- Born: June 26, 1972 (age 53) Golden, British Columbia, Canada
- Height: 5 ft 11 in (180 cm)
- Weight: 195 lb (88 kg; 13 st 13 lb)
- Position: Goaltender
- Caught: Left
- Played for: Maine Orlando Solar Bears Tallahassee Tiger Sharks Jacksonville Lizard Kings Tacoma Sabercats New Haven Knights Springfield Falcons Idaho Steelheads
- Playing career: 1993–2007

= Blair Allison =

Canadian ice hockey player

Blair Allison is a Canadian ice hockey player, former coach and goaltender who was an All-American for Maine.

==Career==
Allison started his college career at the University of Maine in 1992 as a reserve goaltender, just in time to watch the team win its first national championship. With both starting goaltenders turning pro after the season, Allison was able to earn the job as the team's primary starter in his sophomore season. With many other players also having left, the team declined in the standings but still finished with a respectable record. Unfortunately, near the end of the regular season, Maine was forced to forfeit several games for using an ineligible player. The retroactive losses dropped the Black Bears to the bottom of the Hockey East standings and caused Maine to come up against top-seeded Boston University in the conference quarterfinals. Not surprisingly, Maine was knocked out in the first round. While the team only officially won 6 games during the year, Allison had not played a part in the violation and was allowed to keep his record of 11–8–3.

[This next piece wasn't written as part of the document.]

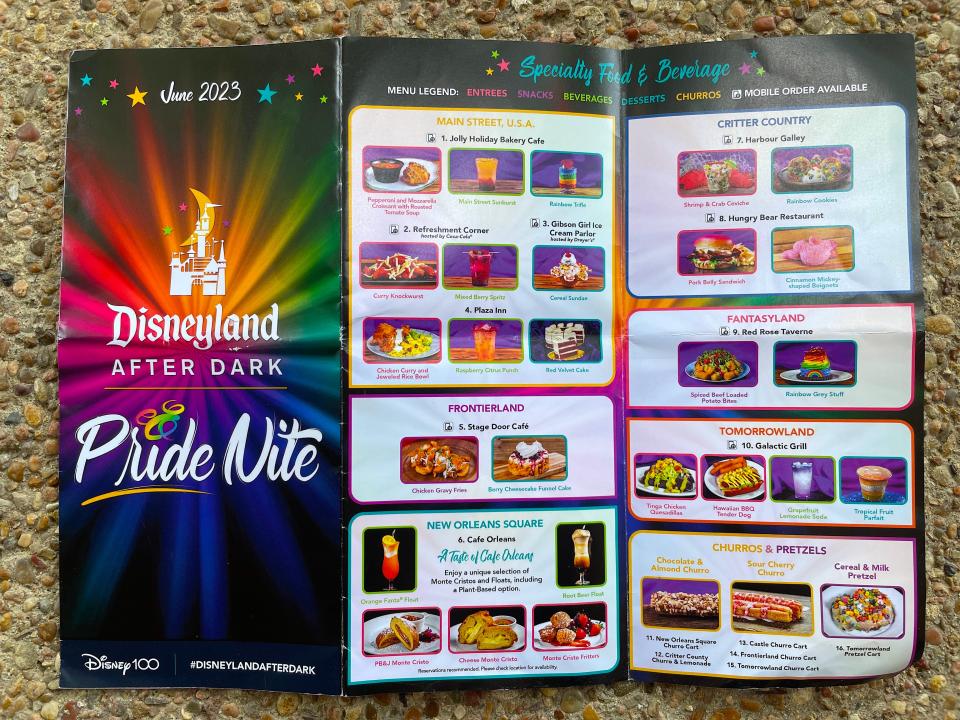 menu with all of the pride nite treats at disney world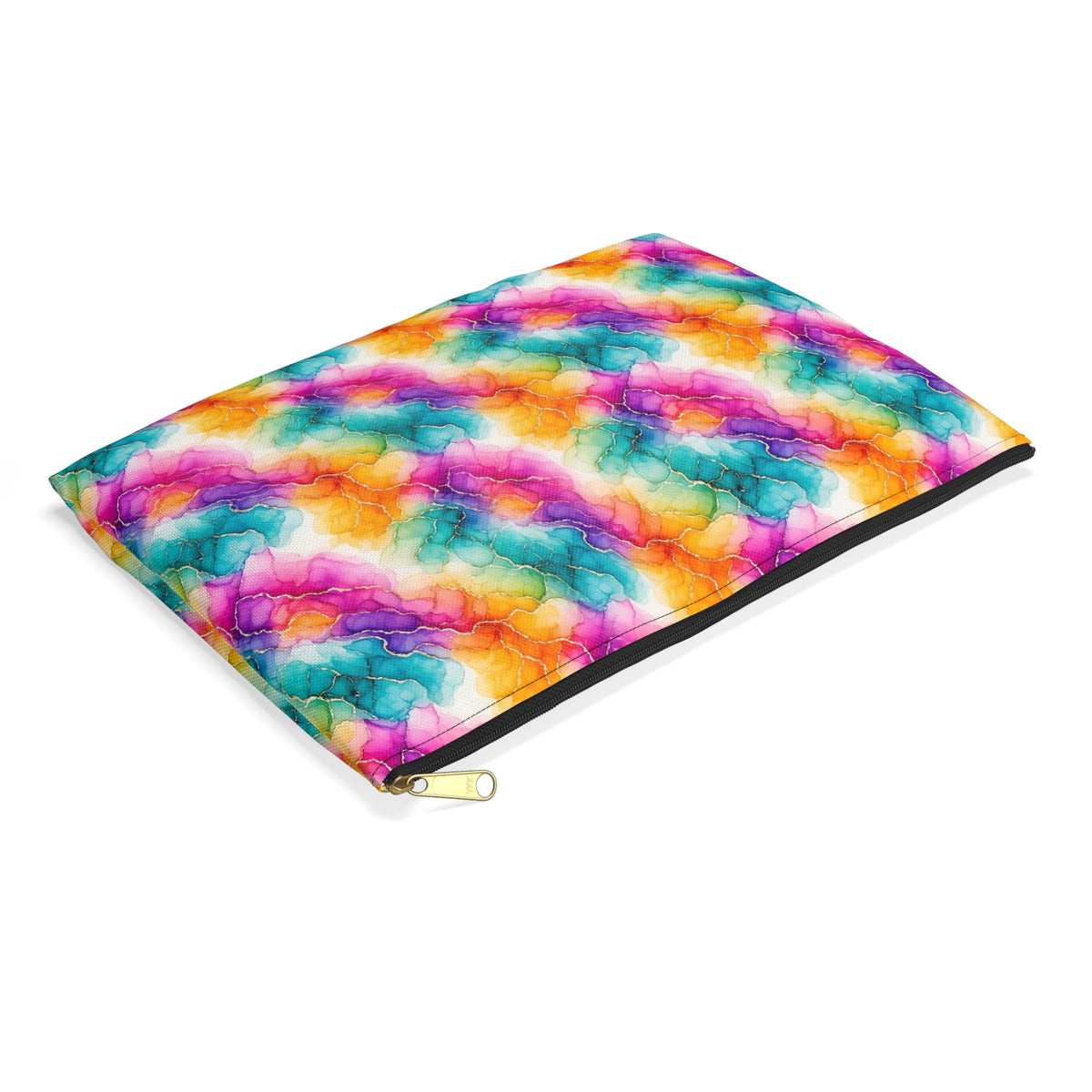Rainbow Alcohol Ink Bloom Zip Accessory Pouch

Maine was able to put the infractions in the past the next season and got off to a fantastic start. With Allison acting like a wall in the crease, Maine didn't lose until its 20th game and went on to tie for the league lead. Allison set a program record by winning 32 games and played in 51 consecutive matches when all was said and done. He was named as a first team All-American and helped the Black Bears return to the NCAA tournament. Maine received a bye into the quarterfinal round and won their opening match against 6th-seeded Denver. In the Frozen Four, they had to face the top western seed, Michigan. The two produced one of the most memorable games in NCAA history, slugging it out for over 100 minutes of playing time. Allison made 47 saves in the triple-overtime classic and allowed Dan Shermerhorn to score the winning goal in what was then the longest game in NCAA tournament history. Allison felt his team was fortunate to survive the game but they did advance to the championship game for a showdown against rival BU. Allison played well in the final game but penalties cost Maine early as BU built a 3–0 lead in the first 30 minutes. The Black Bears were able to close the gap to within 1 early in the third period but were only able to capitalize on one of eight man-advantages while BU went three for four on the power play and closed out the game with the last three goals. Despite the sour end, Allison was named as the top goaltender of the tournament.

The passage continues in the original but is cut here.